- Work task
Given these entries, repeat exactly the lines starting with the one that has "Unidad Dvd/cd Para" and going on through the one that has "Tôi Đã Gặp Nam", both included, but none of the pictures.

- Provided records

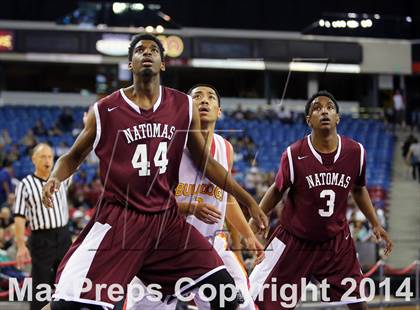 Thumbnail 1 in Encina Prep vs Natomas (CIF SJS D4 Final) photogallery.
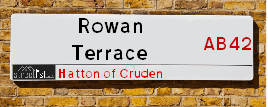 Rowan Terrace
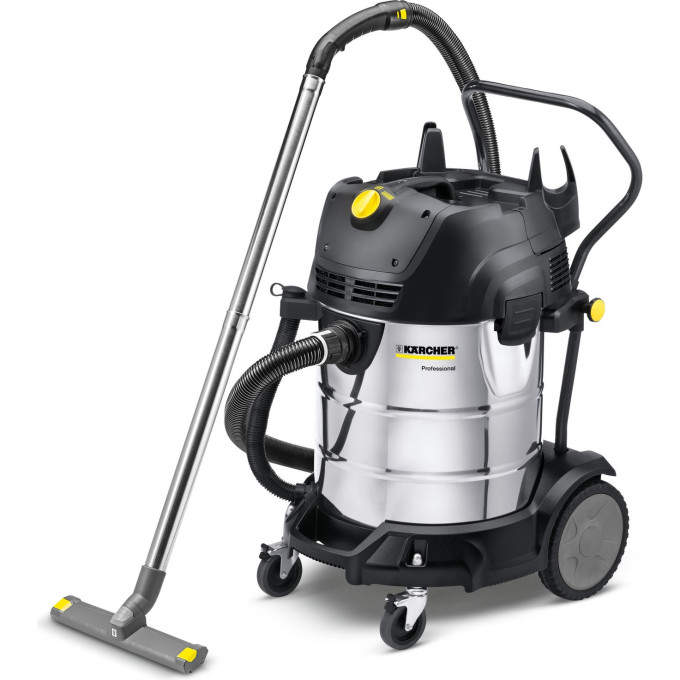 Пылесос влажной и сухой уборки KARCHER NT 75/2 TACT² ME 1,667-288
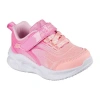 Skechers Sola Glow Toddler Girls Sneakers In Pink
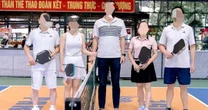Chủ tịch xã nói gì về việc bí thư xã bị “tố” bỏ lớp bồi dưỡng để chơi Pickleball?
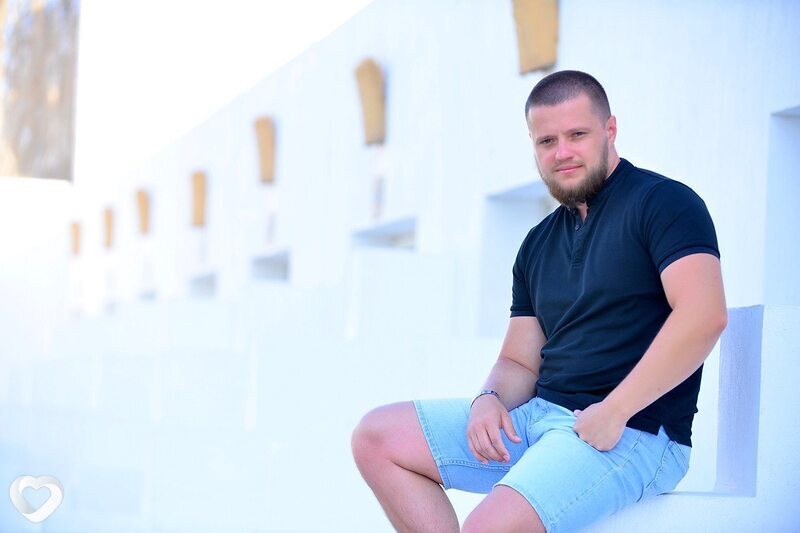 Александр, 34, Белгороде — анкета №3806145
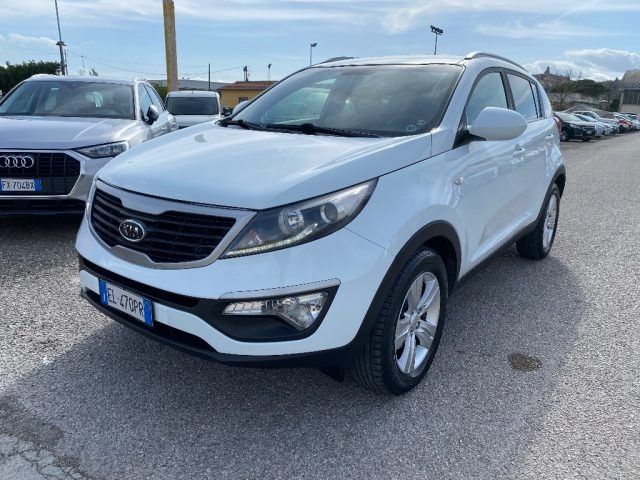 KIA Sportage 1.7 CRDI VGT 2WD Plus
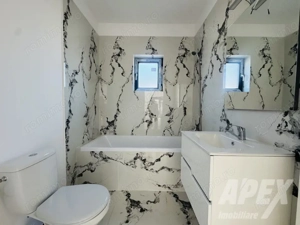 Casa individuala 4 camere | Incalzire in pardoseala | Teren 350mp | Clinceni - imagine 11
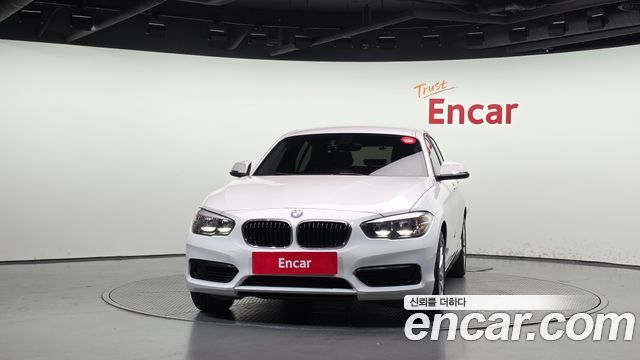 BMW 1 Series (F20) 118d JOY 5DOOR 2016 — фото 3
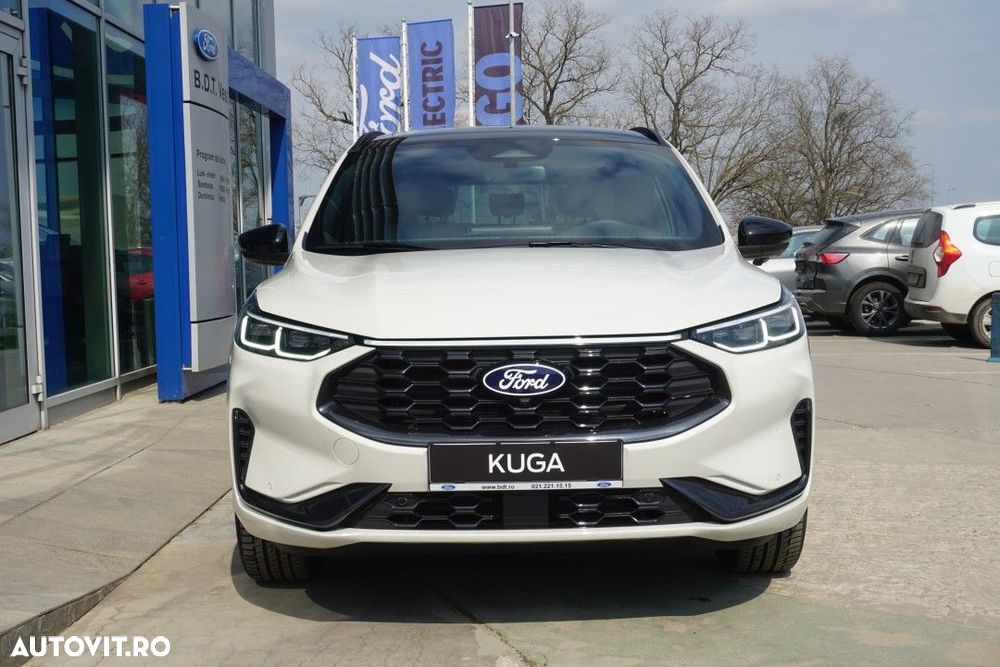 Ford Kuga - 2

* * *

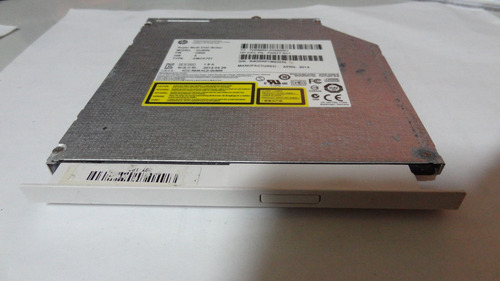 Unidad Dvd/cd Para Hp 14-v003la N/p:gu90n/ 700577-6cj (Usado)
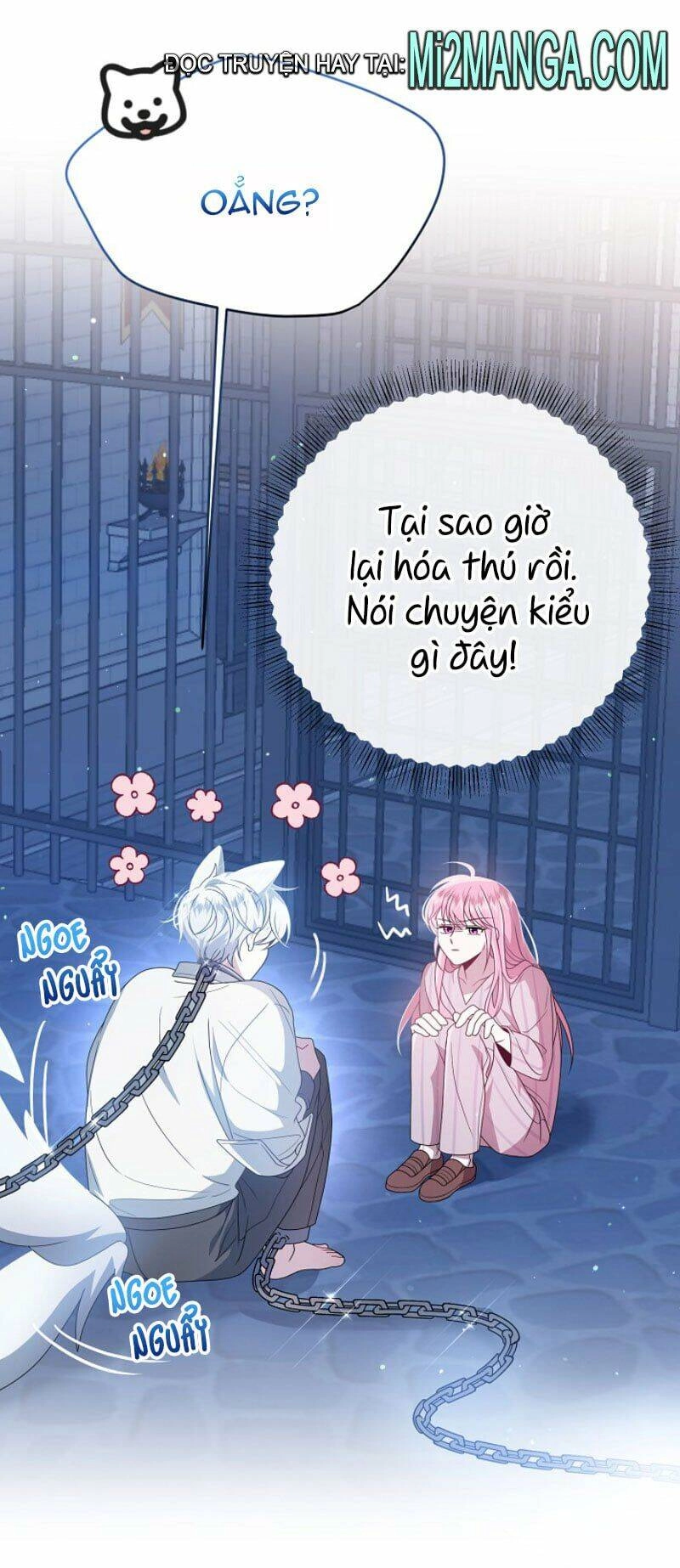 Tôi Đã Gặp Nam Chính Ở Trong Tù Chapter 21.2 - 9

* * *

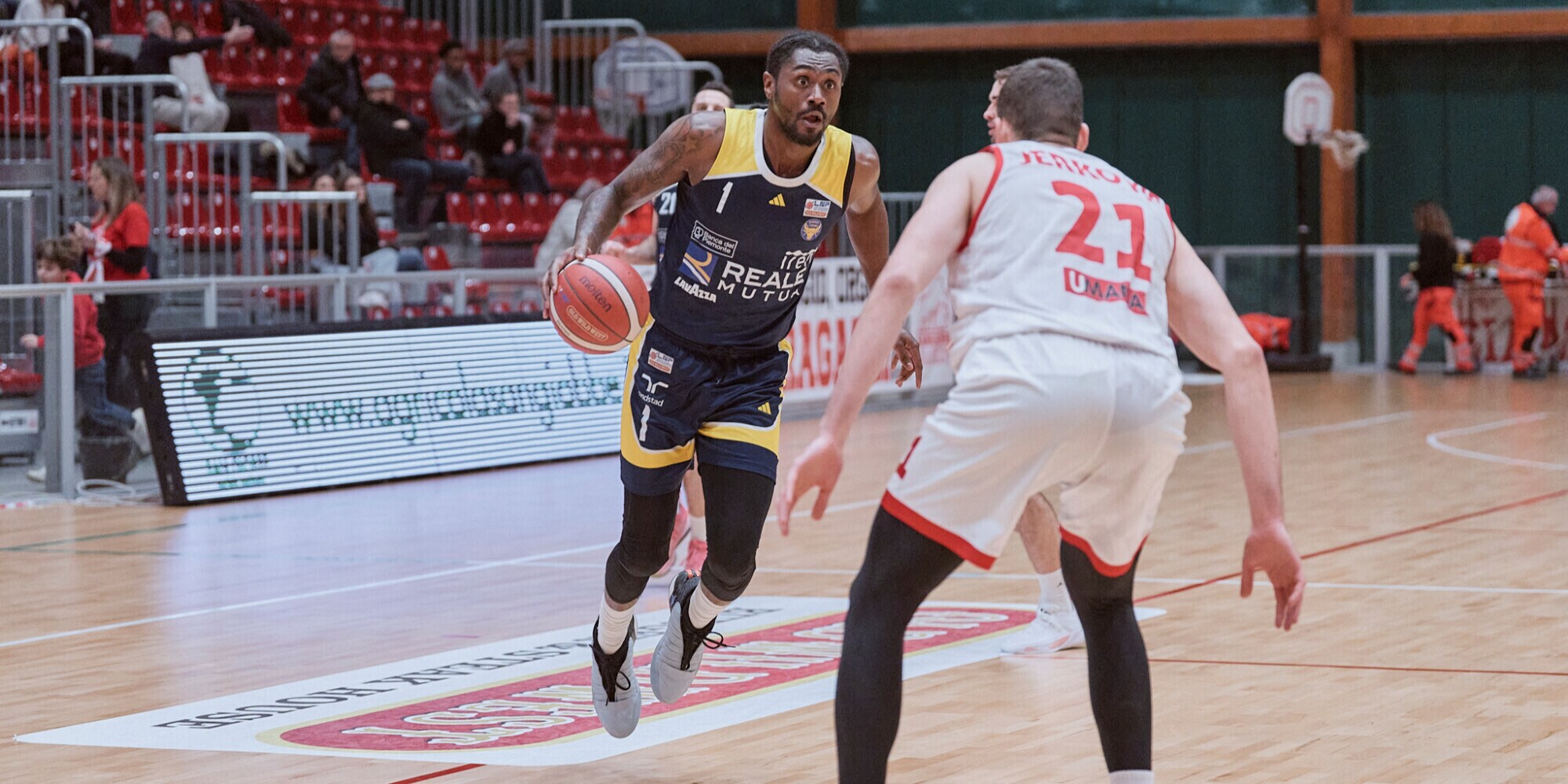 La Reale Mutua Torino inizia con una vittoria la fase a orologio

- Result of this exercise
 Unidad Dvd/cd Para Hp 14-v003la N/p:gu90n/ 700577-6cj (Usado)
 Tôi Đã Gặp Nam Chính Ở Trong Tù Chapter 21.2 - 9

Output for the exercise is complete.